■ Data shown ■

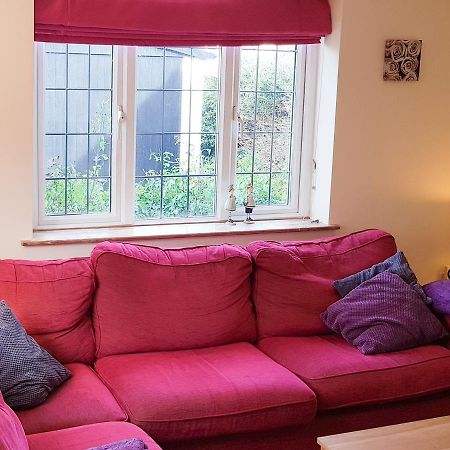 Rose Cottage شارد المظهر الخارجي الصورة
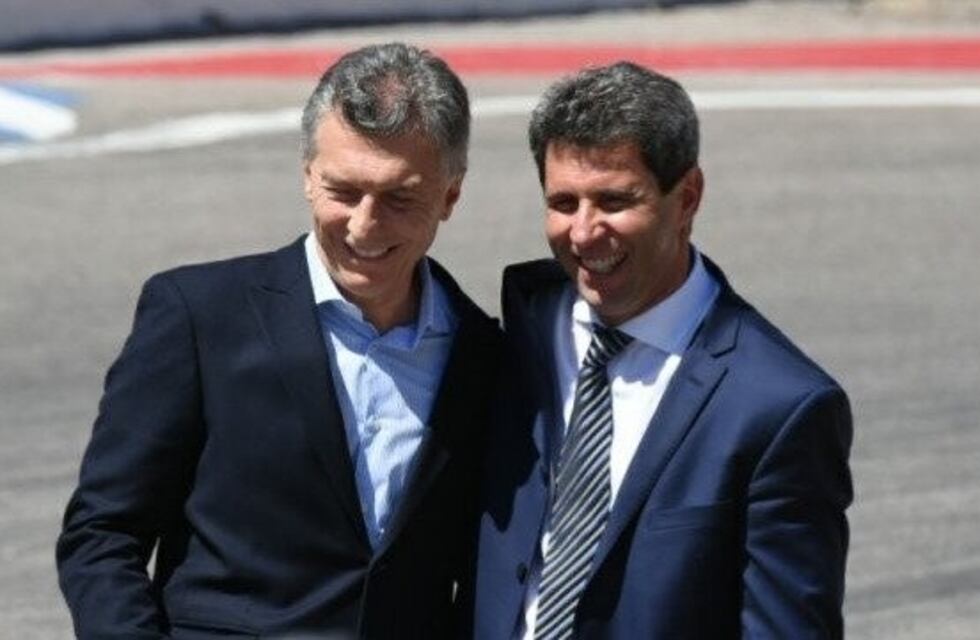 En medio del debate, Uñac cruzó a Macri por la obra de Ruta 40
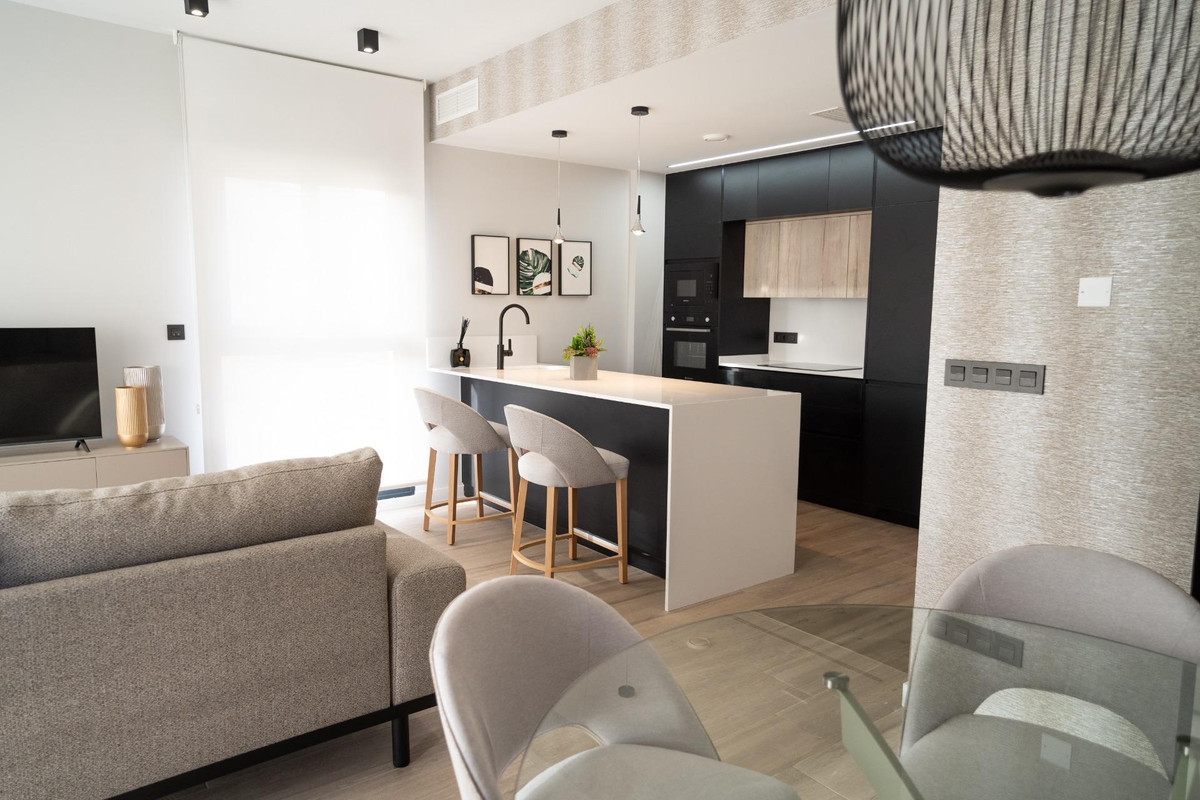 Huis te koop in Pilar de la Horadada | 2 slaapkamers H5292544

■ Task statement ■
Output the listing exactly, without images.

■ Finished task ■
 Rose Cottage شارد المظهر الخارجي الصورة
 En medio del debate, Uñac cruzó a Macri por la obra de Ruta 40
 Huis te koop in Pilar de la Horadada | 2 slaapkamers H5292544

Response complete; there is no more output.